Another great thing about this conference is that each session has a “discussant.” I had never come across such a thing before — I was one for the first time in my life this morning. It’s a very useful concept: the discussant has read the session’s papers in advance, and after the final paper, she picks out common topics, ideas and arguments in the papers, and asks questions about these issues to provide a starting point for the discussion. After throwing these questions at the panelists, the discussant hands over the management of the discussion to the chair. This works really well, because the discussant is often able to capture the essence of the papers, and to oversee the bigger picture, and this helps to lift the discussion to a higher level.

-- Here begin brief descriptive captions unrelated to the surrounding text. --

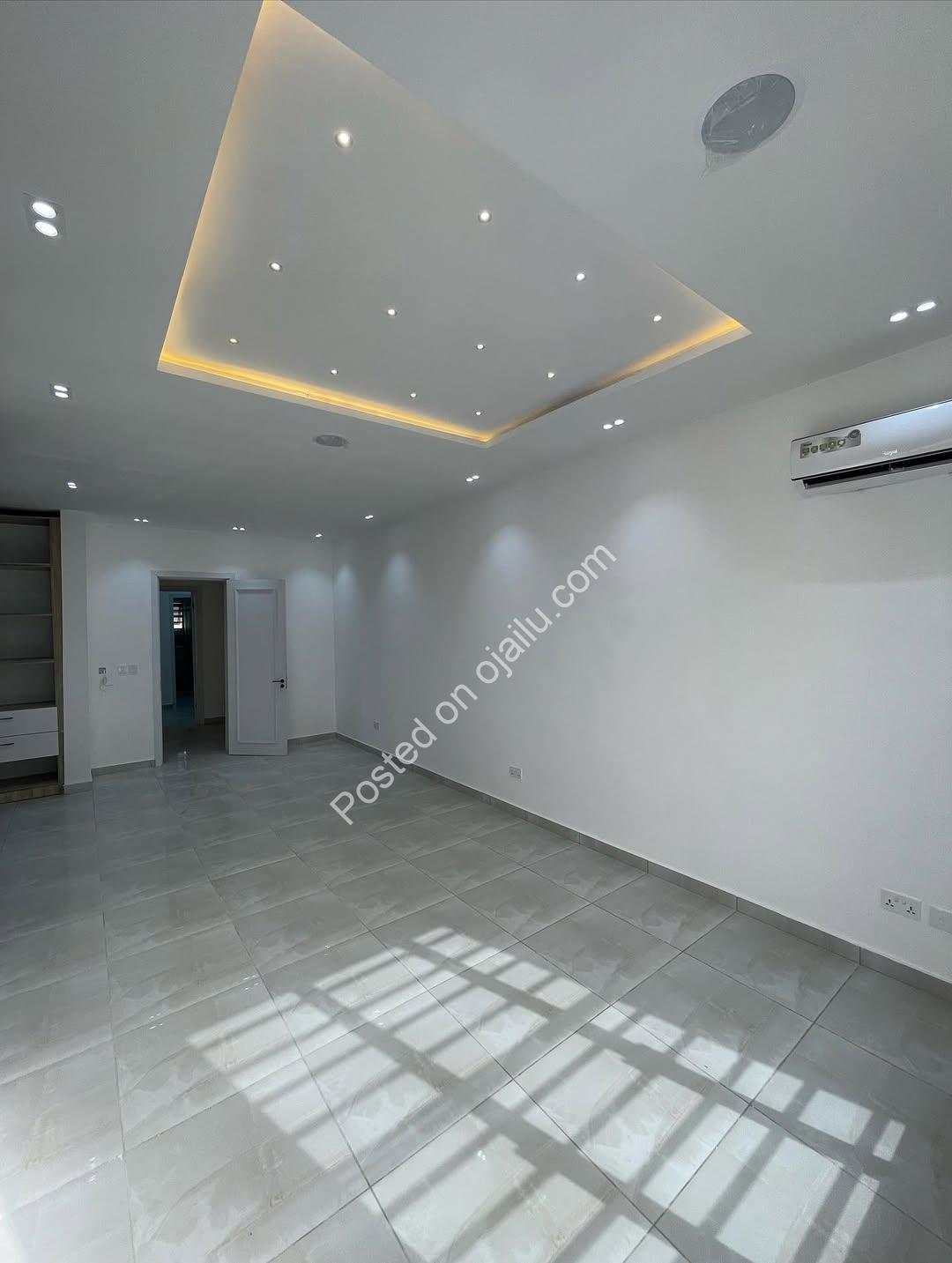 Lekki’s Ultimate 4-Bedroom Oasis with Pool & Gym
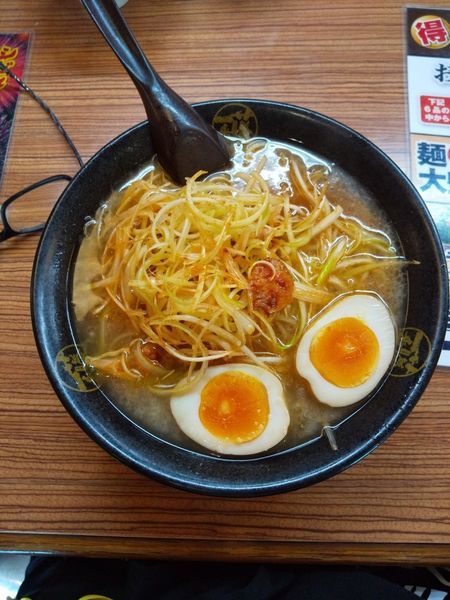 「辛ねぎしょうゆらーめん（味玉付き）」@藤一番 江南店の写真
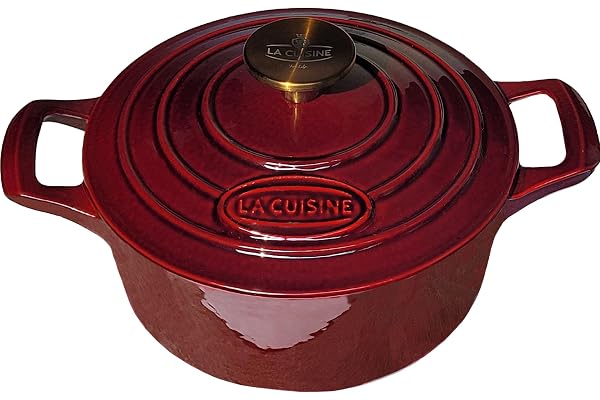 La Cuisine Cocotte en fonte émaillée de 2L - Diamètre 20 cm, Revêtement Intérieur Émaillé Noir Mat, Canneberge, Poignée du Couvercle en Acier Inoxydable Plaqué Or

If you are interested in my paper on masculinity and anger in early modern English revenge drama, there is a PDF version on the conference website. I’ll be presenting it tomorrow morning, at the ungodly hour of 8.30 am.

Carnivalesque 36

February 17th, 2008

…is an early modern edition, and it is now up at Mercurius Politicus!

A speaking statue

February 2nd, 2008

Roy Booth at Early Modern Whale wrote a fascinating post on pamphlets about the demolition of the Eleanor Cross in Cheapside in 1643 (or was it 1642? May 1643 according to this pamphlet). Interestingly, in accordance with the conventions what Roy calls the “minor genre of the speaking statue” (made me think of The Winter’s Tale…) the Cross tells the reader its own story in these pamphlets. Here is a wonderful quotation in which it remembers how all kinds of Protestants used to behave in its presence:

the Brownists spit at me and throw stones at me as they come along the street, the Familists hide their eyes with their fingers, the Annabaptists wish me to be knockt in pieces, the sisters of the Fraternity wil not come near me, but go about by Watling street and come in againe by Soaper-lane to buy their provisions of the Market-folkes… It is the Crosse that stands upon my head which is a moate in their eyes.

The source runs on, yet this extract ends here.